Another field of study that may benefit from the approach proposed here is play behavior. A search in the ScienceDirect database based on the criteria ["spontaneous play" AND autism, years 2000–2022] returns 48 papers (search date 18 Dec 2022). Given the significance of play behavior for understanding the development of autistic children, this is a strikingly low score. Researchers sometimes attempt to propose an approach similar to the one presented here (Jefferies et al., 2018; Knickmeyer et al., 2008; Libby et al., 1998; Szabó, 2014; Vig, 2007), but this research line cannot break through to the mainstream of research in the area in question. It can be hypothesized that one possible reason for this effect is the methodological difficulty in addressing play behavior. The proposed solution is to implement a holistic approach based on complete behavior in ecologically valid experimental situations, as described in the earlier part of this paper.

It should be mentioned that all elements required to implement this approach to the study of exploration in children on the autism spectrum, are easily achievable. Modern technology for recording behavior is relatively affordable and easy to configure for the purposes of any given study. The theory of integrative levels and its potential implementations have been part of the system of knowledge since the middle of the twentieth century. There are also good examples of building ethograms of children’s behavior (e.g. Fragaszy et al., 2016; Pegoraro et al., 2014), as well as tools for precise coding and sophisticated analysis of behavior (e.g. Friard & Gamba, 2016).
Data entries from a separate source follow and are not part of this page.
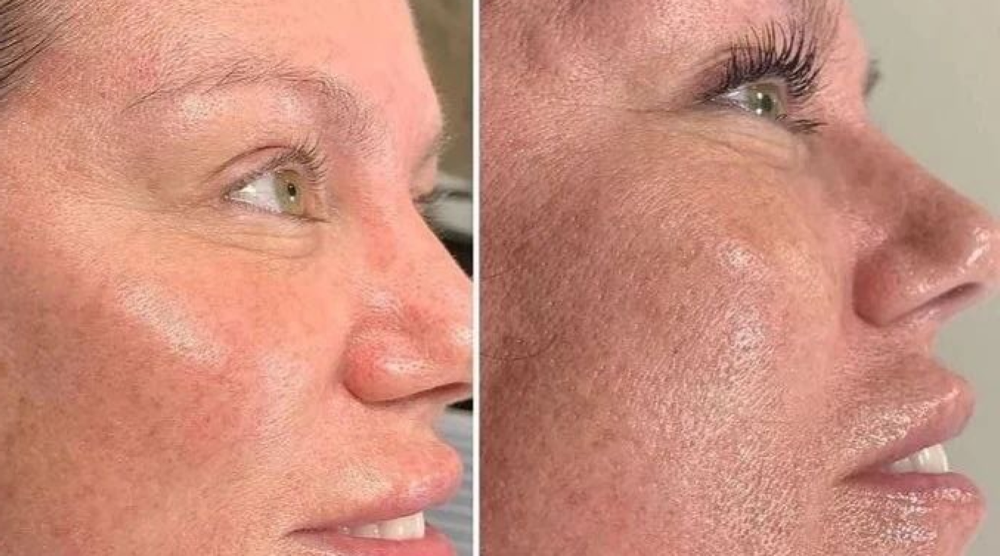 Kosmetologi- og hudpleiesertifikat (Nataliia 11)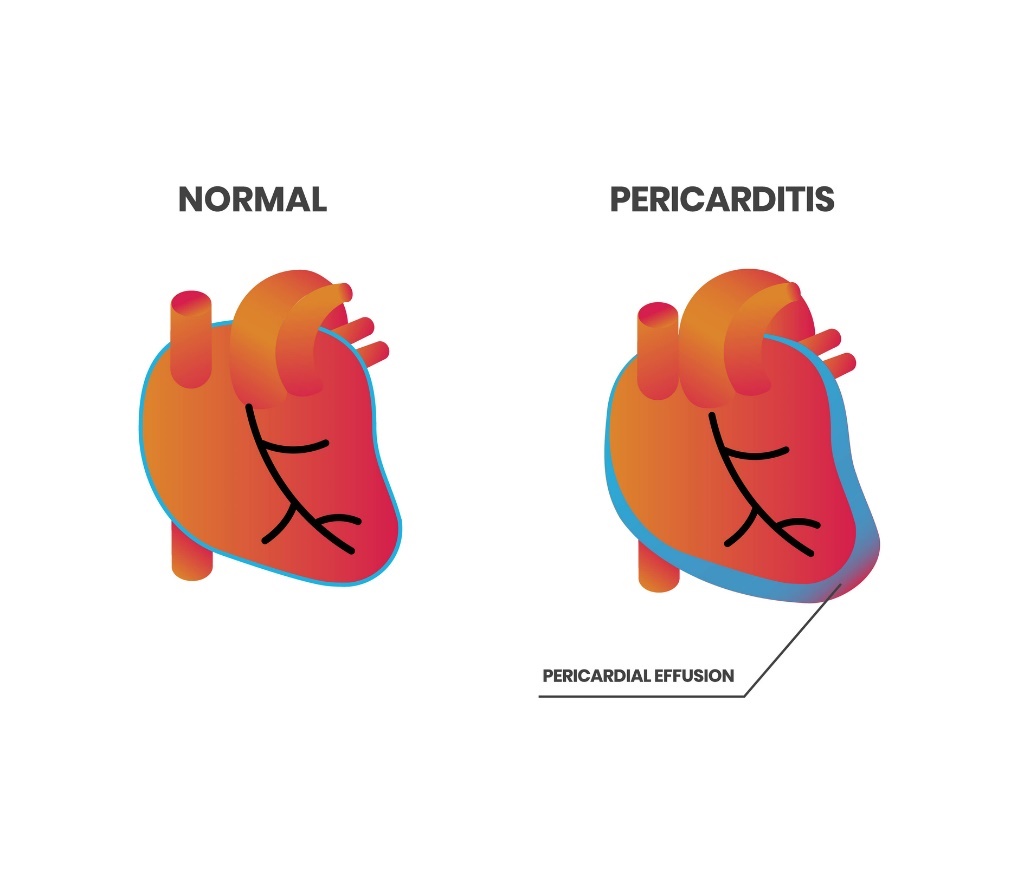 Fisiología cardiaca y pericarditis (derrame pericárdico)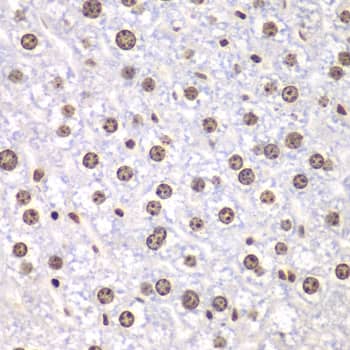 Immunohistochemistry: Topoisomerase I Antibody [NBP3-35246] - Immunohistochemistry analysis of paraffin-embedded Mouse liver using Topoisomerase I(TOP1) Rabbit pAb at dilution of 1:100 (40x lens). Microwave antigen retrieval performed with 0.01M PBS Buffer (pH 7.2) prior to IHC staining.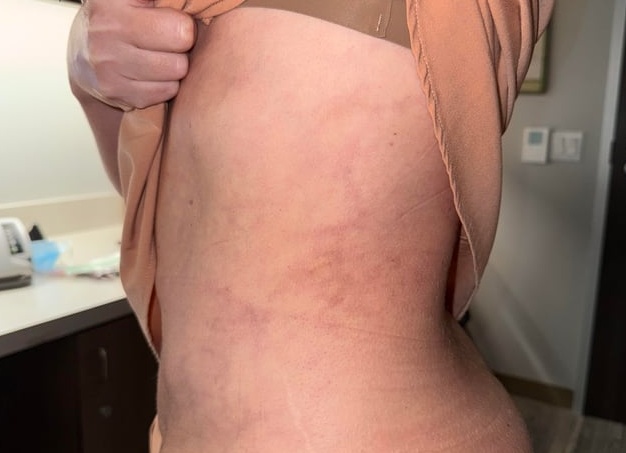 Лечение эритемы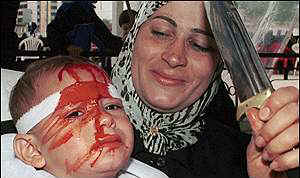 A mother rejoices after inflicting wounds on the head of her toddler in service to "Allah"
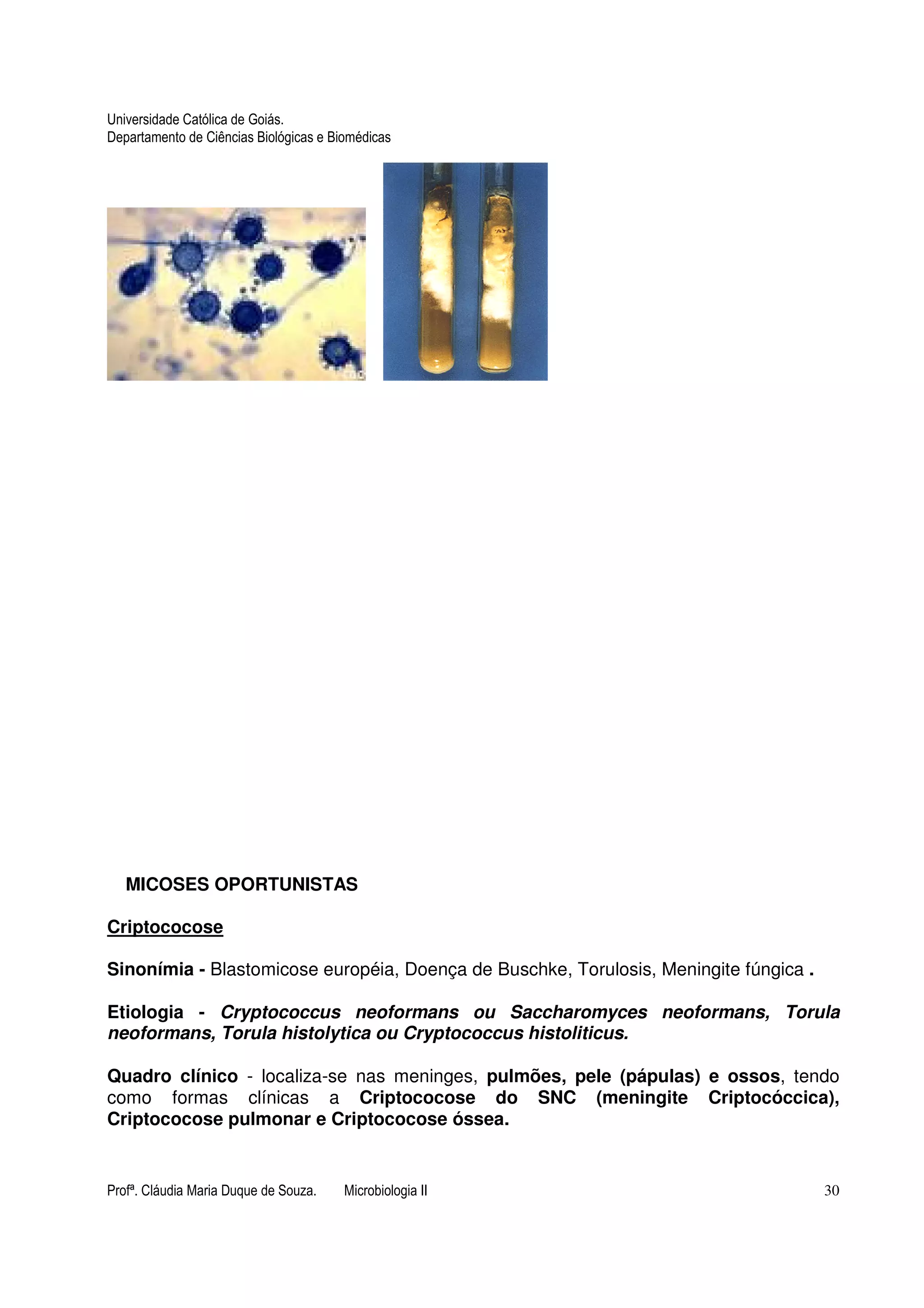 Universidade Católica de Goiás. 
Departamento de Ciências Biológicas e Biomédicas 
MICOSES OPORTUNISTAS 
Criptococose 
Sinonímia - Blastomicose européia, Doença de Buschke, Torulosis, Meningite fúngica . 
Etiologia - Cryptococcus neoformans ou Saccharomyces neoformans, Torula 
neoformans, Torula histolytica ou Cryptococcus histoliticus. 
Quadro clínico - localiza-se nas meninges, pulmões, pele (pápulas) e ossos, tendo 
como formas clínicas a Criptococose do SNC (meningite Criptocóccica), 
Criptococose pulmonar e Criptococose óssea. 
Profª. Cláudia Maria Duque de Souza. Microbiologia II 30 
 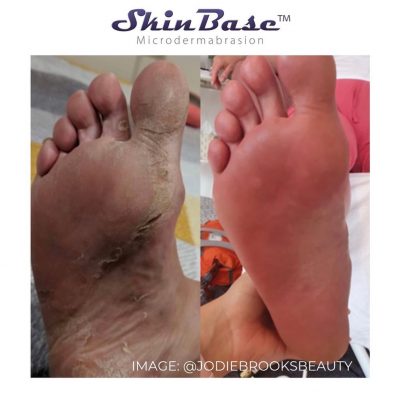 microdermabrasion pedicure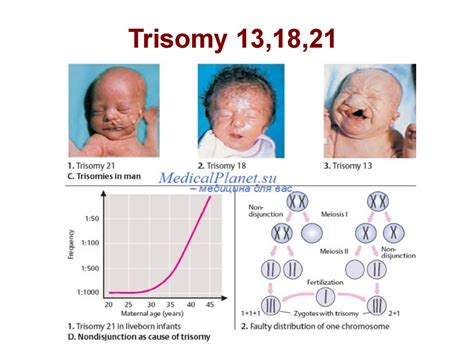 Trisomy 13Trisomy 13 on emaze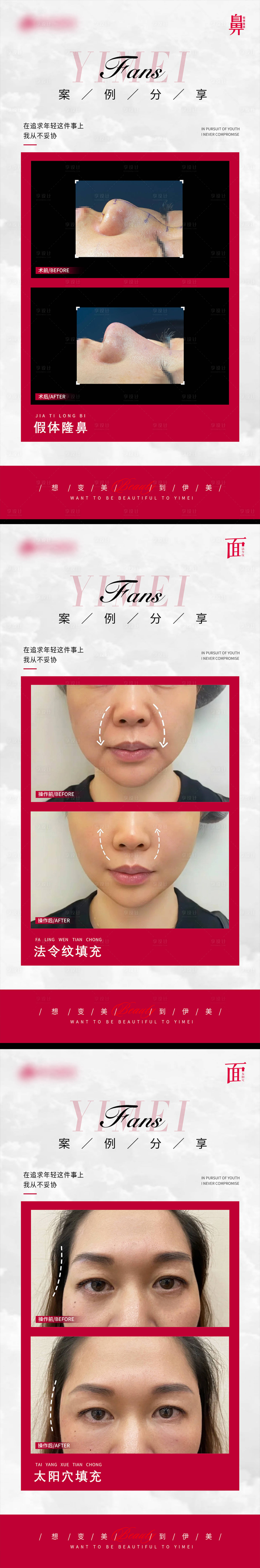 源文件下载【享设计】搜索编号：21060021954613942【医美案例对比模版】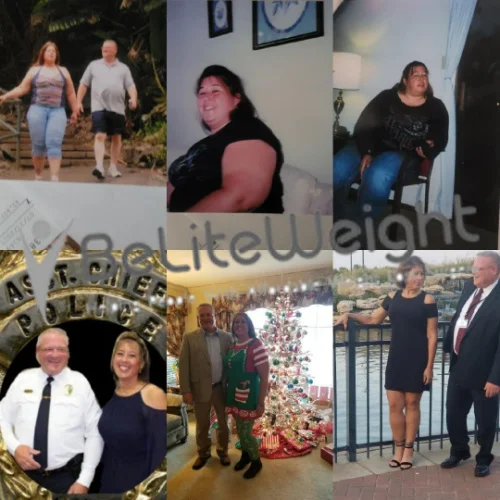 Weight Loss Surgery Before And After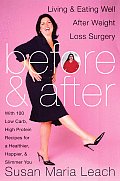 Before & After: Living & Eating Well After Weight Loss Surgery Cover
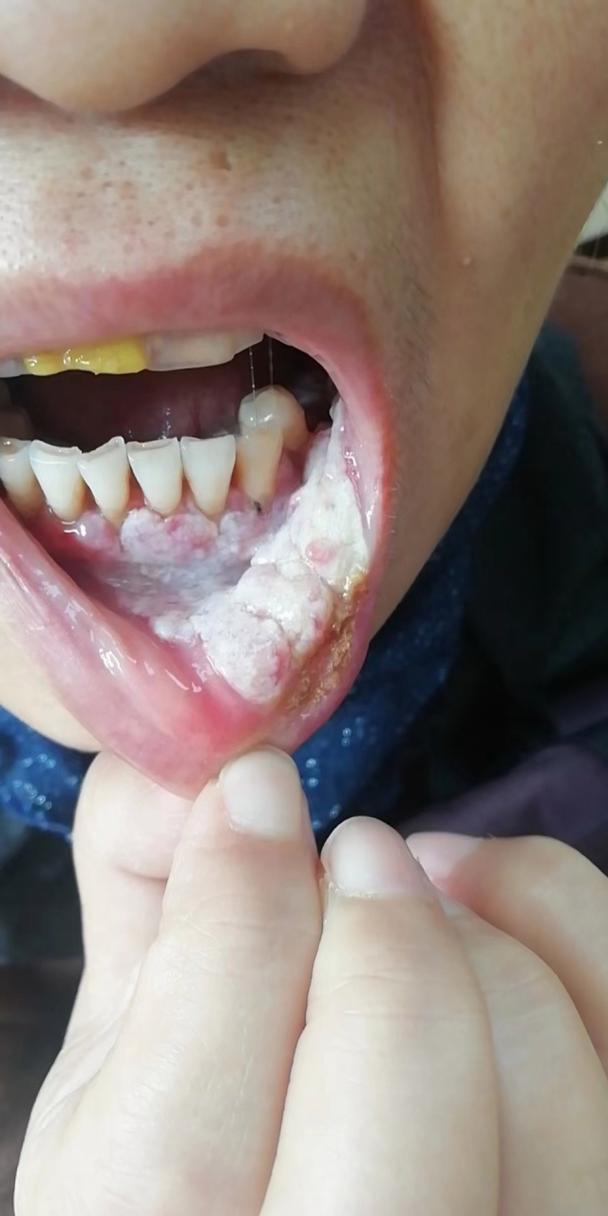 细菌性口腔炎症状图片有哪些典型表现?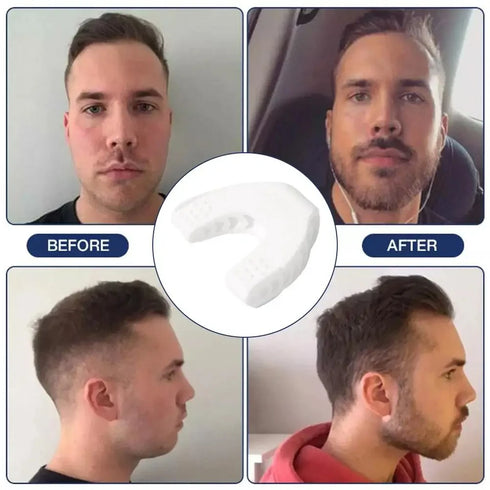 Jawline Exerciser & Neck Toning Trainer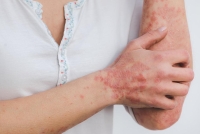 Les maladies de la peau peuvent se manifester par des démangeaisons, des vésicules ou par une peau sèche  etc. 
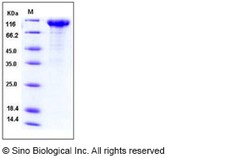 Sino Biological Influenza A H1N1 (A/California/04/2009) Neuraminidase /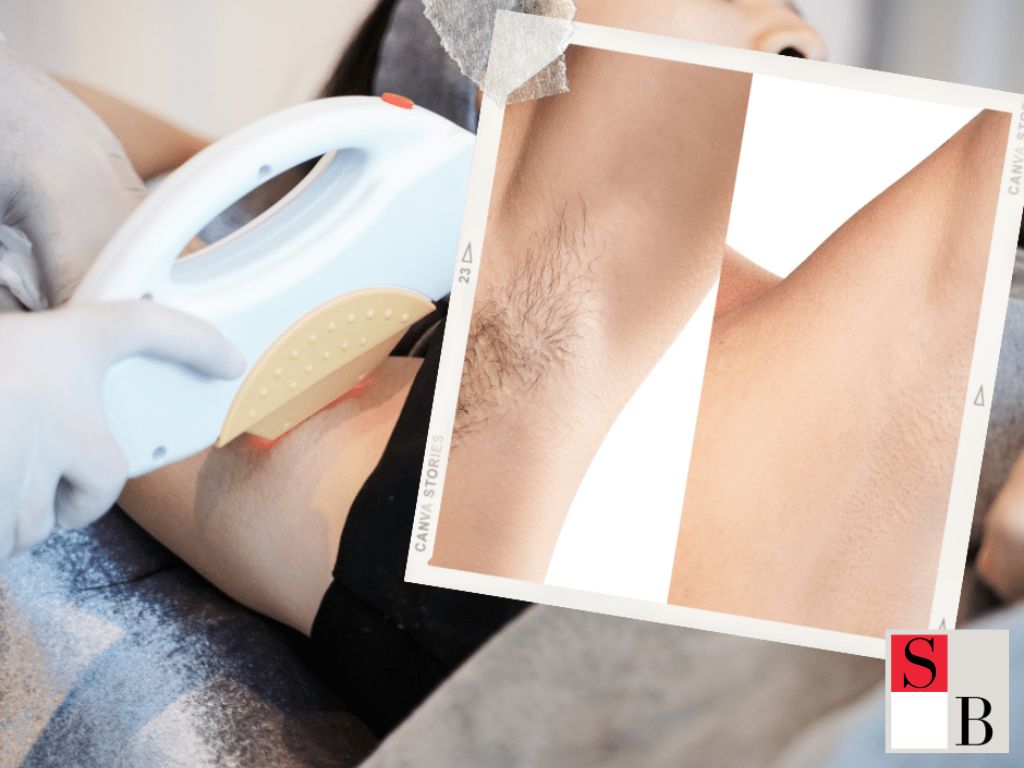 Effective Hair Removal Treatments in Singapore: What You Need to Know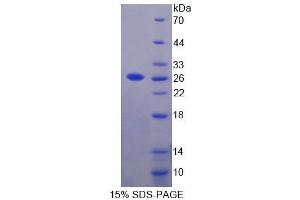 Image no. 1 for Signal Recognition Particle Receptor, B Subunit (SRPRB) (AA 58-271) protein (T7 tag,His tag) (ABIN6238872) (SRPRB Protein (AA 58-271) (T7 tag,His tag))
Granted, the approach proposed here requires a lot of effort from the researcher and is certainly time-consuming. However, we believe that such efforts would be rewarded by improving our understanding of the behavior of children, including autistic children. We find the idea of returning to the study of actual behavior in psychology (Baumeister et al., 2007; Doliński, 2018) really inspiring.

Although this paper focuses on the subject of exploratory behavior in children on the autism spectrum, we are convinced that the approach proposed here may have applications in other areas of research on human behavior.